A la diligence qui menait les voyageurs jusqu’à Carbonne avait succédé en 1907 une liaison par train Carbonne – Montesquieu.
Le tronçon Montesquieu – Le Mas d’Azil fut inauguré le 1er août 1911. Pour ce qui est de ce premier passage du train à Daumazan, nous avons l’incroyable chance d’avoir un témoignage de cet événement qui a gardé toute sa fraîcheur. Il s’agit d’une lettre écrite le 1er août
1911 par Catherine Bentajou à son fils, Pierre, en poste à Paris. Voilà donc ce reportage pris sur le vif.
« Enfin, nous le tenons ! Quoi, vas – tu dire ? Eh, le train. Le noir cheval sans pattes est passé majestueusement pour la première fois ce matin à 5h31 traînant derrière lui sept ou huit wagons flambant neufs. On a voulu étrenner la nouvelle voiture et les voyageurs, pour la foire des Bordes, se sont donné le luxe du train. Emilien, Gaston, Clothilde, Marinette étaient bien aises de nous faire bonjour de la portière et tant d’autres qui nous ont bombardé de saluts… Toute la ville s ‘est transportée au Dôme à tous les passages du train. Ainsi, ce soir, on aurait pu se méprendre et croire à une gare Saint Lazare tant il y avait de badauds. Encore quelques jours, l’empressement sera grand et puis tout reprendra le cours normal. »

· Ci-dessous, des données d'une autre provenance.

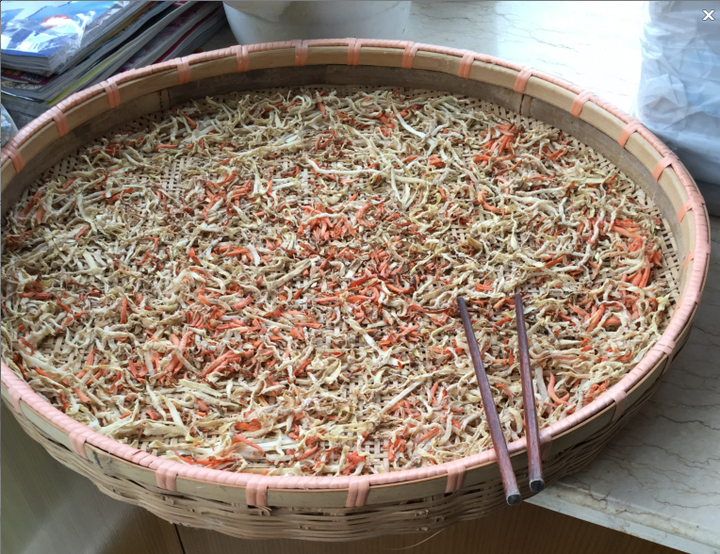 【丈母娘家晒的红白萝卜丝(仅仅其中一筐而已),手机拍的】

Nous savons aussi par cette même lettre qu’un terrible accident – la mort d’un cheminot ayant glissé sous les roues du train à Rieux – a endeuillé cette journée inaugurale.
Le « petit train » tirant ses wagons vert olive était donc devenu partie intégrante de la vie du village. Il fallait le voir traverser fièrement Daumazan, saluant joyeusement les villageois par des coups de sifflets successifs, faisant fuir devant lui les volatiles qui, à l’époque, envahissaient la route. Quelques poules y ont laissé la vie. Et les couvées de canards remontant paisiblement de la rivière s’enfuyaient toutes ailes déployées. Des cochons égarés sur la voie ferrée couraient vite sur les quais se mettre à l’abri du monstre. Quelques polissons … et polissonnes s’accrochaient dès le départ de la gare à la dernière voiture ou sautaient sur un marche - pied voyageant gratis jusqu’à l’arrêt de la Guinguette. De bonnes fessées terminaient souvent l’aventure…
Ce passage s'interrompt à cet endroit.